--- PROBLEM ---
Your response to the data below should hold nothing except the lines from the one containing "RANCHO MIRAGE, CA - APRIL" down to the one containing "Powder room half bath on main", reproduced exactly and without pictures.

[Crawled caption data]
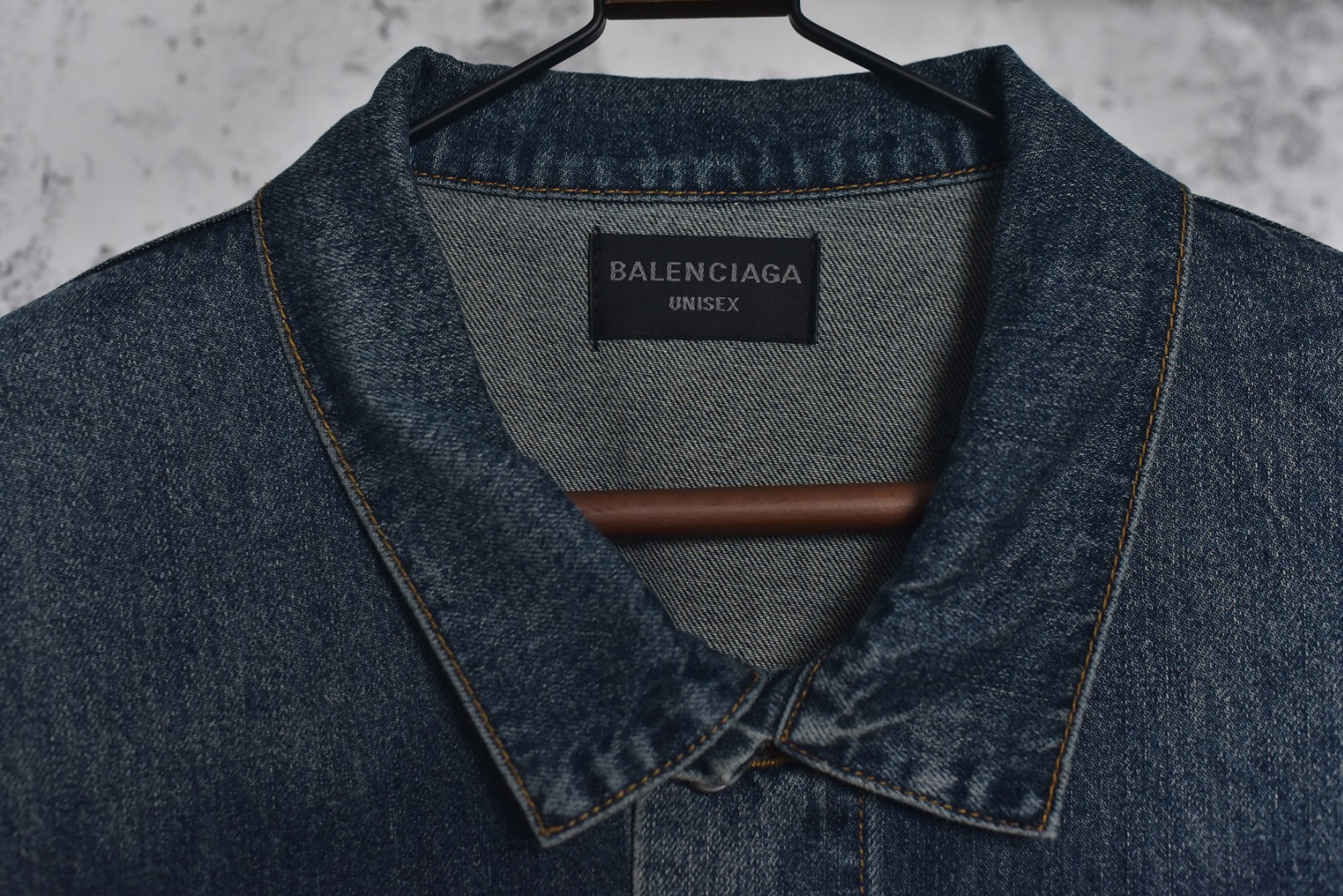 图片[6]-#Balenciaga/巴黎世家 25Fw 银胶带印花蓝牛仔外套 定制赛络纺工艺牛仔面料。此工艺使两根粗纱在纺纱阶段保持一定间距，经牵伸后由前罗拉输出，再汇合加捻成一根单纱。 赛络纺技术使最终织造出的丹宁面料具有卓越的强度、优异的耐磨性以及独特的柔软手感。纱线结构紧密，面料纹理清晰、光泽柔和，布面毛羽显著减少，呈现出普通牛仔无法比拟的细腻、挺括且高质感的视觉和触觉体验，为后续的重工艺处理提供了完美的基础。所有接缝、拼接处均采用高张力、高密度、均匀一致的针距进行缝制。线迹精准如机械制图，无任何跳针、断线或线头。内侧包边处理工整，承受高强度穿着与洗涤后仍能保持结构稳定，体现了世界级大厂对生产流程的严苛品控和无可挑剔的缝制技术。印花工艺复杂性： 这是整件外套最具技术挑战性的部分，其“胶带”效果并非普通印花或贴膜，而是采用了极为繁琐的多层厚板胶浆印花与特种闪粉混合印刷技术。厚板印刷： 通过多次重复印刷特调高分子胶浆，在面料表面堆叠出具有显著3D立体浮雕感的“胶带”条纹。每一次印刷都需经过精确对位和高温烘干定型，确保图案边缘锐利如刀刻，厚度均匀一致，手感坚硬且极具冲击力。闪粉融合： 在胶浆未完全固化前，将定制的高折射率微闪片通过精密筛网均匀撒在印花表面，并使其牢固嵌入胶浆内部。此步骤需精确控制胶浆粘度和闪粉的附着力，确保闪粉分布均匀、牢固不脱落，且光泽璀璨持久。 品质体现： 最终形成的印花图案不仅具有强烈的视觉立体感和触摸感，更因其高强度的物化特性，实现了极高的耐撕裂性、抗皱性和耐洗牢度。印花部分不会开裂、剥落或变黄，闪粉在日常穿着中也能最大限度地保持其闪耀效果，经久如新。这种工艺将装饰性与功能性推向了极致，成本高昂，良品率极低，是大厂才能驾驭的复杂技术 尺码：1 2 3-选品中心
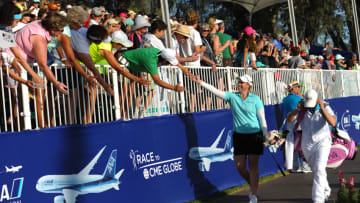 RANCHO MIRAGE, CA - APRIL 05: Brittany Lincicome gives high fives to the crowd on her way to the 18th green the ANA Inspiration on the Dinah Shore Tournament Course at Mission Hills Country Club on April 5, 2015 in Rancho Mirage, California. (Photo by Robert Laberge/Getty Images)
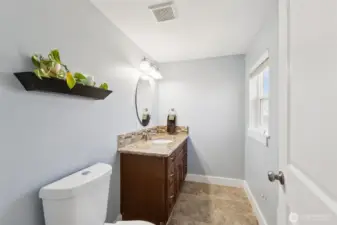 Powder room half bath on main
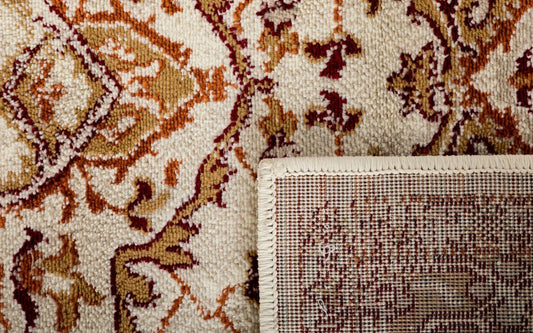 Rug corner detail with cream base, brown and rust motifs, and stitched border edge | Raffia Rug 1802 Terra Modern Polypropylene Area Rug - Rugs Point Australia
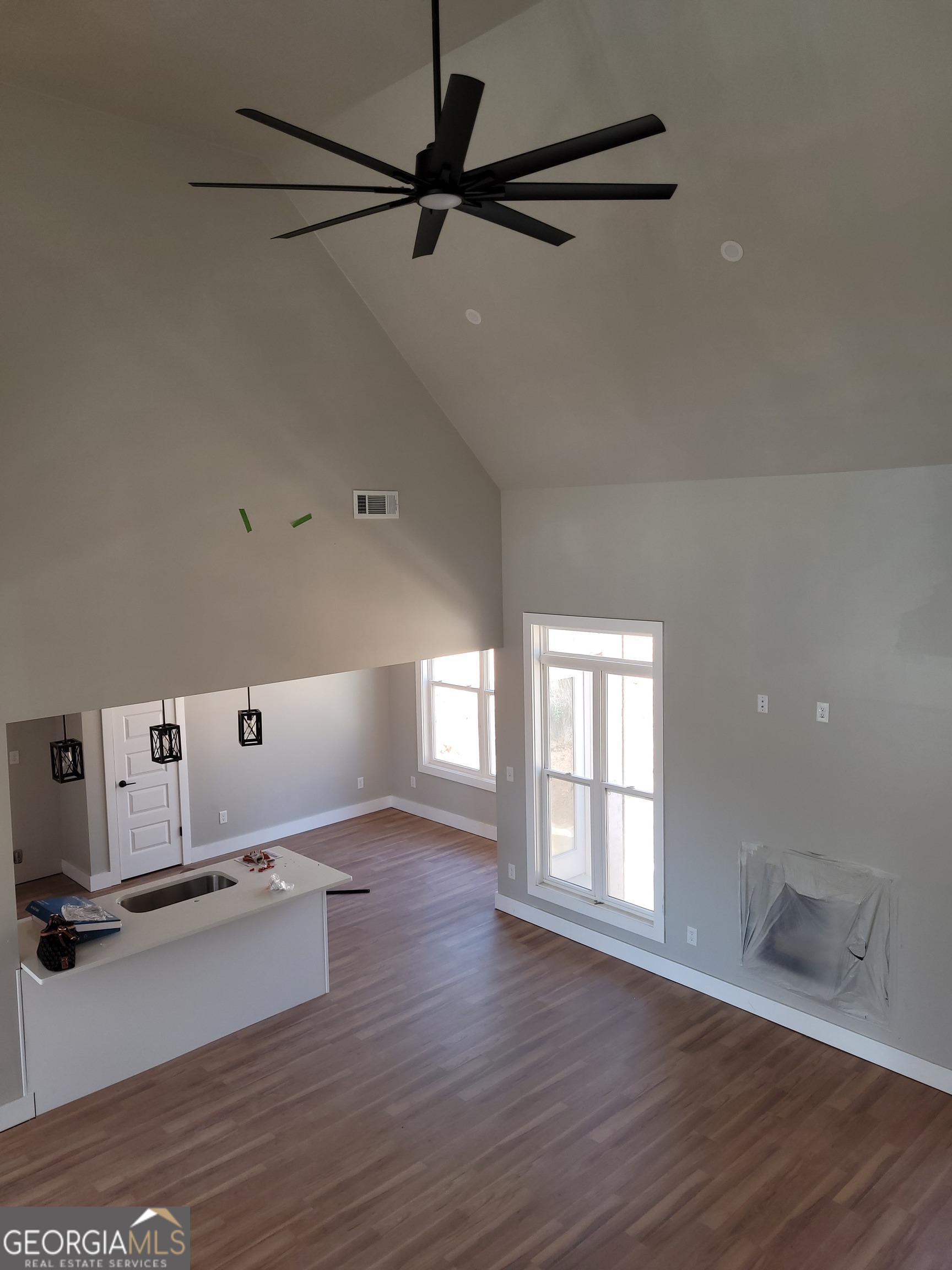 2910 Battlecrest Drive Decatur, GA 30034 - Photo 12 of 12 a room with a wooden floor and white walls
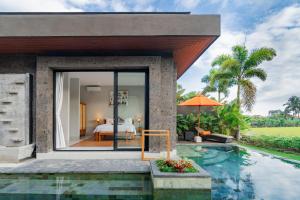 a bedroom in a villa with a pool at Sierra Vista 2 Ubud in Ubud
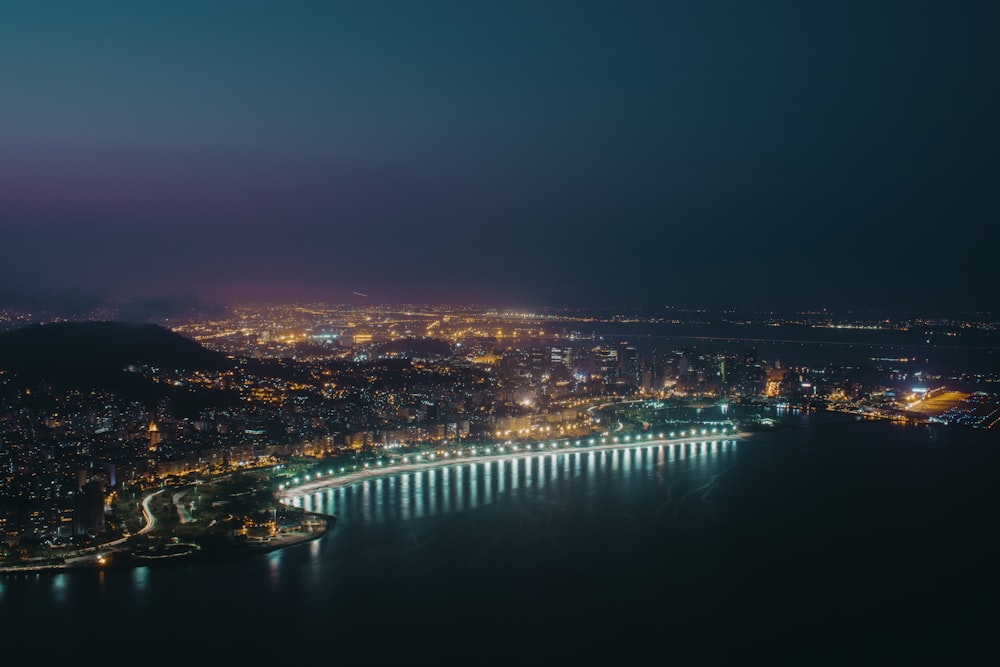 city lights turned on during night time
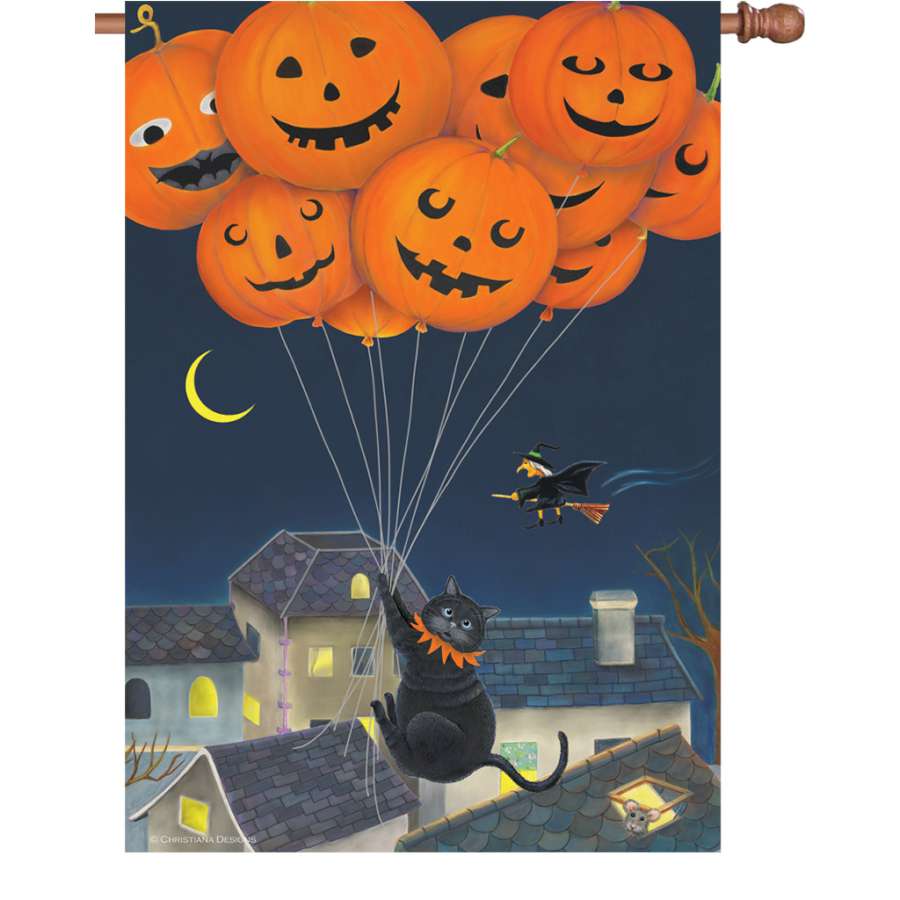 28 in. illuminated flag featuring a playful black cat with colorful balloons, displayed outdoors in a garden setting, adding festive fall charm.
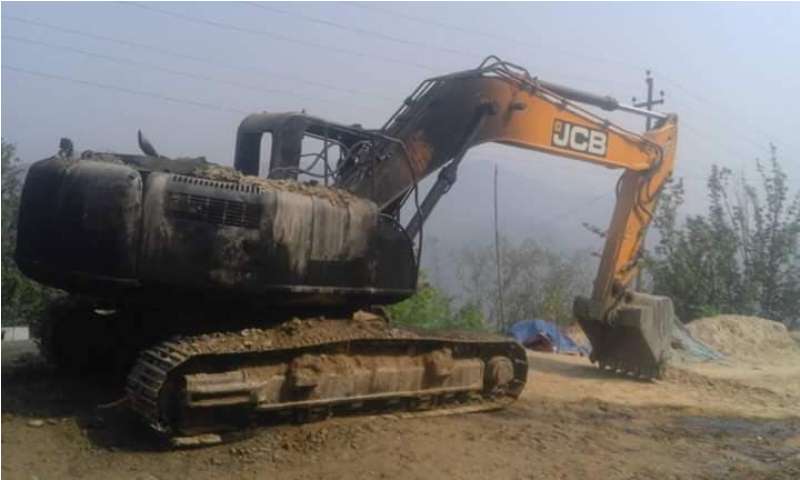 Unidentified group torches excavator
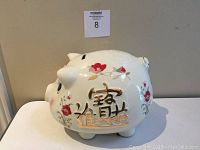 Side view of the large white ceramic piggy bank showing gold Asian characters and floral accents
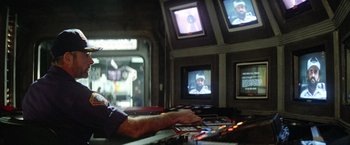 Movie still from “Outland” (1981), directed by Peter Hyams – A man sitting in front of a television; Medium shot, Low angle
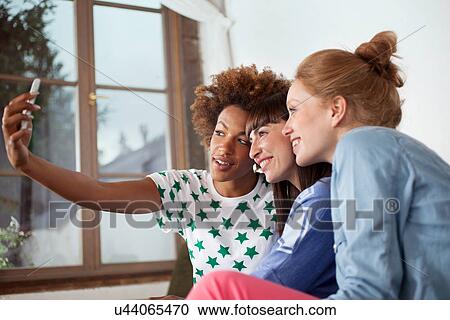 Three female friends photographing themselves with camera phone View Large Photo Image Stock Image - Three female friends photographing themselves with camera phone. Fotosearch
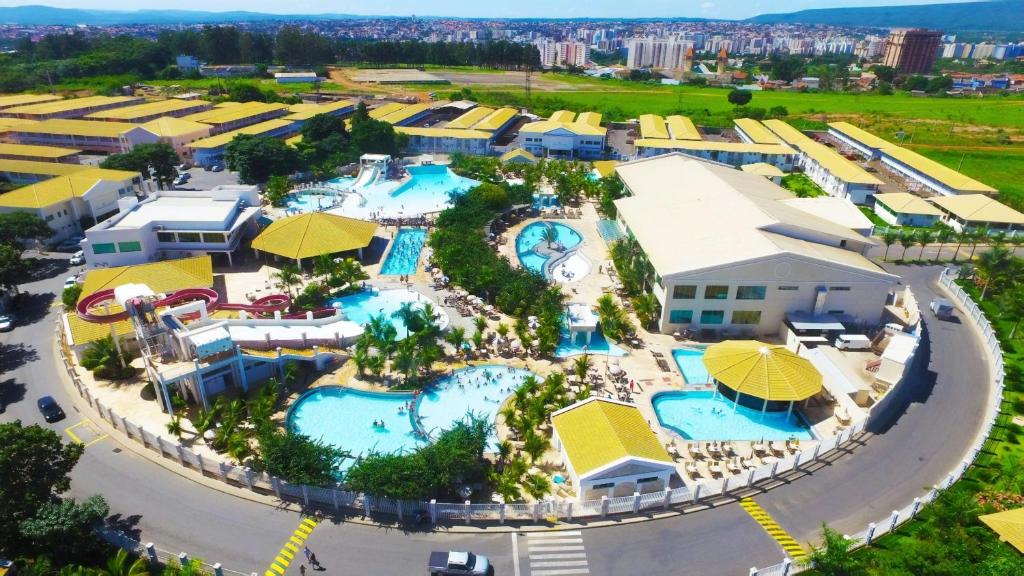 Imagem aérea do resort Lacqua Di Roma Acqua Park com várias piscinas azuis aparecendo, algumas construções com coberturas amarelas, algumas árvores e tudo isso em um espaço com o formato redondo, ilustrando post Hotéis em Caldas Novas.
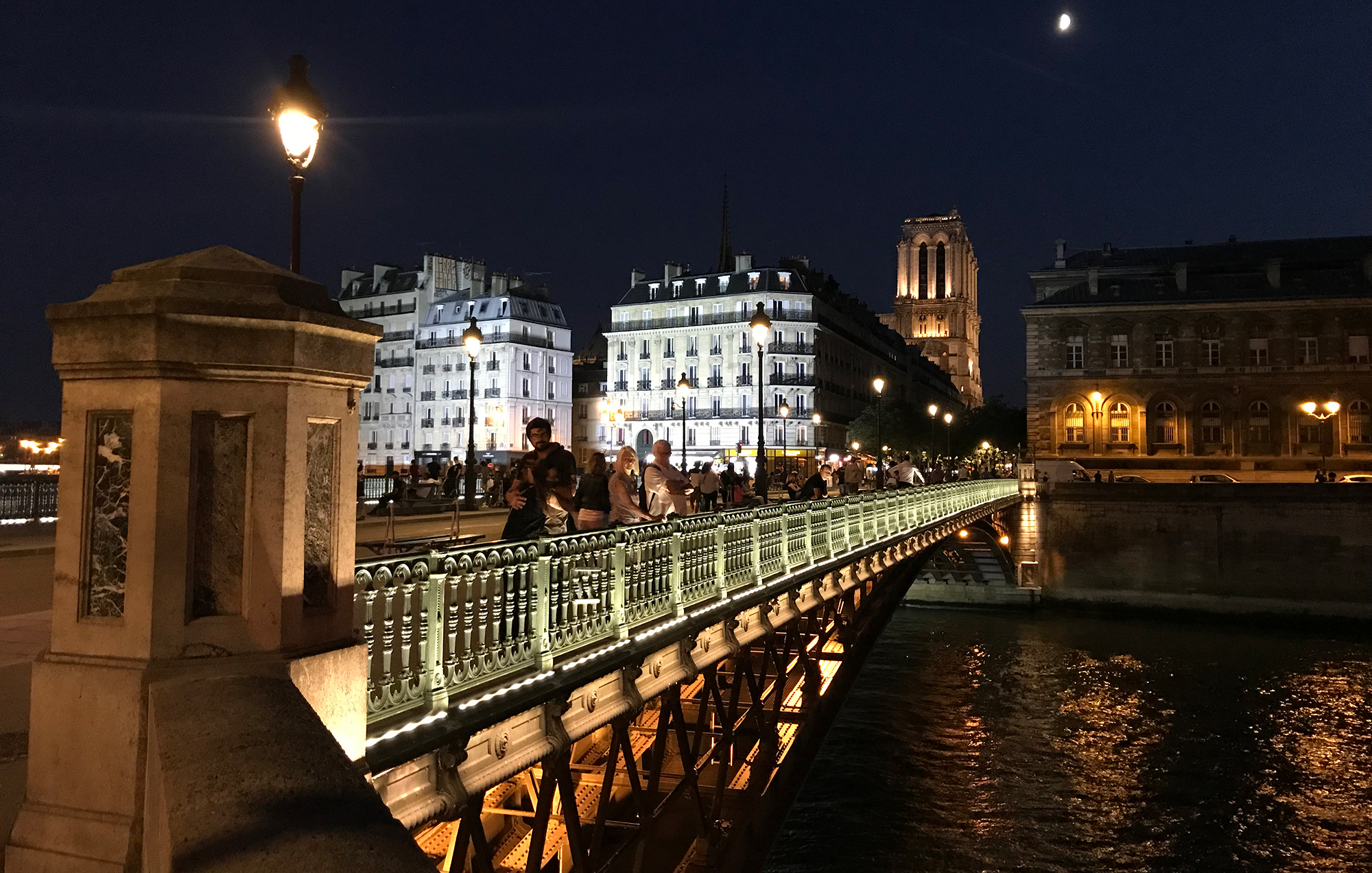 photo of a bridge over the Seine in Paris, France in the evening by A.E. Graves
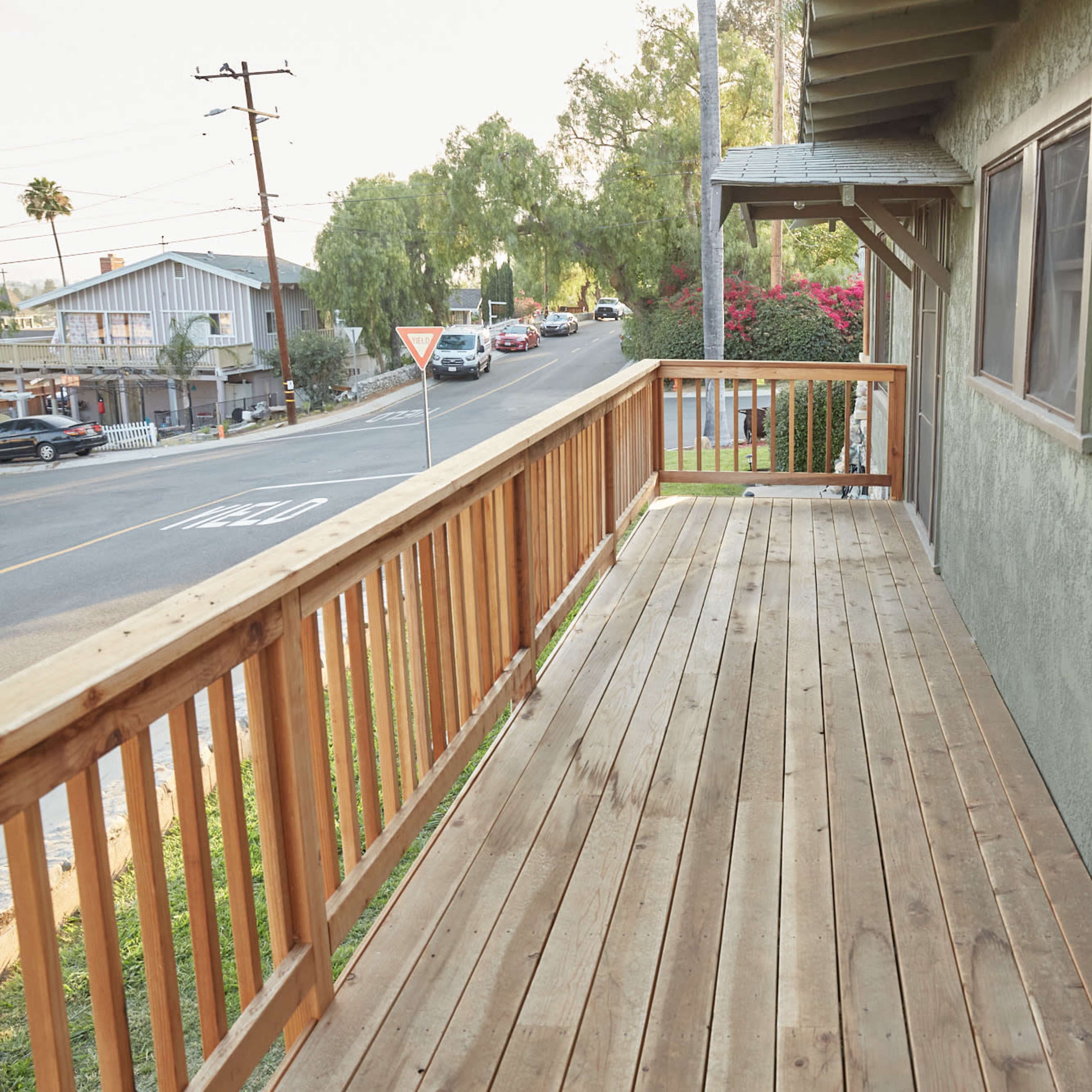 A wooden deck lines the exterior of a building, with a view of a road and nearby houses.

--- ANSWER ---
 RANCHO MIRAGE, CA - APRIL 05: Brittany Lincicome gives high fives to the crowd on her way to the 18th green the ANA Inspiration on the Dinah Shore Tournament Course at Mission Hills Country Club on April 5, 2015 in Rancho Mirage, California. (Photo by Robert Laberge/Getty Images)
 Powder room half bath on main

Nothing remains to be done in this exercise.